Study finds Clinton underperformed Obama among most demographic groups

Former Democratic presidential candidate Hillary Clinton underperformed relative to Barack Obama in 2012 among most demographic groups, according to new research published in the Journal of Political Marketing.

“People have long been interested in how different demographic groups vote in elections. The role of demographics in 2016 received a lot of attention from the campaigns, media outlets, etc,” said study author Aaron C. Weinschenk of the University of Wisconsin-Green Bay.

“In part, I think the fascination stemmed from the fact that the electorate in 2016 was the most diverse U.S. electorate in history and many people thought this would be good news for Democrats. I wanted to gather some data and examine the importance of demographics (and changes in demographics) in shaping the 2016 presidential election. How did different groups vote? Were there shifts in the voting patterns of different demographic groups from 2012 to 2016?”

For his study, Weinschenk analyzed pre-election tracking polls, exit poll data, and state-level variables to better understand role of demographics in shaping vote choice.

“There are a number of important findings that emerged from my study. First, I found (using exit poll data) that in 2016 Hillary Clinton underperformed Barack Obama (in 2012) in 83% of the 35 demographic groups I examined,” he explained. ”

Clinton did significantly worse than Obama among Catholics, men, Hispanic/Latino women, union households, 25–29 year olds, Latinos, 18–24 year olds, Asian Americans, African Americans, and several other demographic groups. Clinton only outperformed Obama among white women, those who identify as LGBT, people over 65, Republicans, those who report being Jewish, and those making more than $50,000.

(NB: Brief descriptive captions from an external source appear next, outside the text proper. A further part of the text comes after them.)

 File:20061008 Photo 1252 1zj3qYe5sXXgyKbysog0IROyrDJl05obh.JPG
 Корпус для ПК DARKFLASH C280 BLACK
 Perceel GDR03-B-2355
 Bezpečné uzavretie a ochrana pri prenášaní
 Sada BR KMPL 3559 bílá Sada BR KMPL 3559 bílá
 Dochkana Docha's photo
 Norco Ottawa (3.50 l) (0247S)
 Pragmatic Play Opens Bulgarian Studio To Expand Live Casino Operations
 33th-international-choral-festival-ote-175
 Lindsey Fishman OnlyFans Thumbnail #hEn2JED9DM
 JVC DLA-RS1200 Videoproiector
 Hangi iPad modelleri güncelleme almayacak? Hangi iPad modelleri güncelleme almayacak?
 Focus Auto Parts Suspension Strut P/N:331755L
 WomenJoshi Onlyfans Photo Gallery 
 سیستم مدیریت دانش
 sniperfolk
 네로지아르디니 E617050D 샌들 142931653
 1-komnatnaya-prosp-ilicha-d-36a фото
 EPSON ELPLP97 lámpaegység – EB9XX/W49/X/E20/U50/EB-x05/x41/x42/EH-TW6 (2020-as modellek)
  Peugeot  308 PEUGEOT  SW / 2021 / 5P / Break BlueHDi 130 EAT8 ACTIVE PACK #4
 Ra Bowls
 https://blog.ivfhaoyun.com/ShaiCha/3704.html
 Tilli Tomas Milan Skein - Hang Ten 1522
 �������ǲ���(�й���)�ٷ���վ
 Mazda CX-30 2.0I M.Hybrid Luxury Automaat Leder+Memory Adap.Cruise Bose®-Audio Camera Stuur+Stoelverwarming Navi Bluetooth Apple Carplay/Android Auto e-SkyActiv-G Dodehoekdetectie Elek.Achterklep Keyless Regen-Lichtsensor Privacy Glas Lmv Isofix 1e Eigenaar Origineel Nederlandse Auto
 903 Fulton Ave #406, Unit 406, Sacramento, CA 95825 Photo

“Second, I found (using state-level data) that the percentage of whites with low levels of education and the size of the rural population had large effects on vote choice. Clinton did poorly (and Trump did well) in places with low levels of education and in places with large rural populations,” Weinschenk told PsyPost.

“Interestingly, I found that both of these variables were more strongly correlated with Democratic vote share in 2016 than in 2012. In other words, education and the rural/urban divide became more important over time — at least in presidential contests.”

The study also failed to find evidence that changes in overall voter turnout rates had a substantial impact on Clinton’s performance.

“Understanding how different demographic groups connect to candidates and political parties is of obvious importance — if candidates and parties know which groups tend to like and dislike them, they can develop campaign strategies that are aimed at mobilizing supporters and persuading those who might not initially be predisposed to vote for them,” Weinschenk said. “Mobilization and persuasion are, of course, two of the primary functions of political campaigns. Knowing who to focus those efforts on is critical.”

The findings help explain the 2016 election. But there are still several areas for future research. For example, it is unclear what role demographic factors will play in upcoming elections.

“I think it’s important that we continue to study the role of demographics in different types of elections. My study focused on presidential elections, but it would be interesting to see how the patterns that emerged in 2016 play out in the 2018 midterms (and in upcoming presidential elections),” Weinschenk explained.

“Will education continue to be an important demographic factor that shapes how people vote? There was a time in American politics when there wasn’t a strong divide in how people of different levels of education voted. Why was there such a divide in 2016 compared to previous elections and will it continue?”

“I also think that historical comparisons are important. My study primarily compared the 2012 and 2016 presidential elections, but it would be really neat to take a long-term approach. By doing that, we might be able to see when particular demographic groups started aligning with (or abandoning) certain political parties,” Weinschenk added.

“We already have some sense of why particular groups like or don’t like certain parties, but I think we could get an even more nuanced picture. By taking a long term approach, we could likely get a sense of what sorts of factors lead groups to align with or leave particular parties (e.g., changing party platforms, attention to certain issues of importance to a given group, historical events, etc.).”

The study was titled: “That’s Why the Lady Lost to the Trump: Demographics and the 2016 Presidential Election“.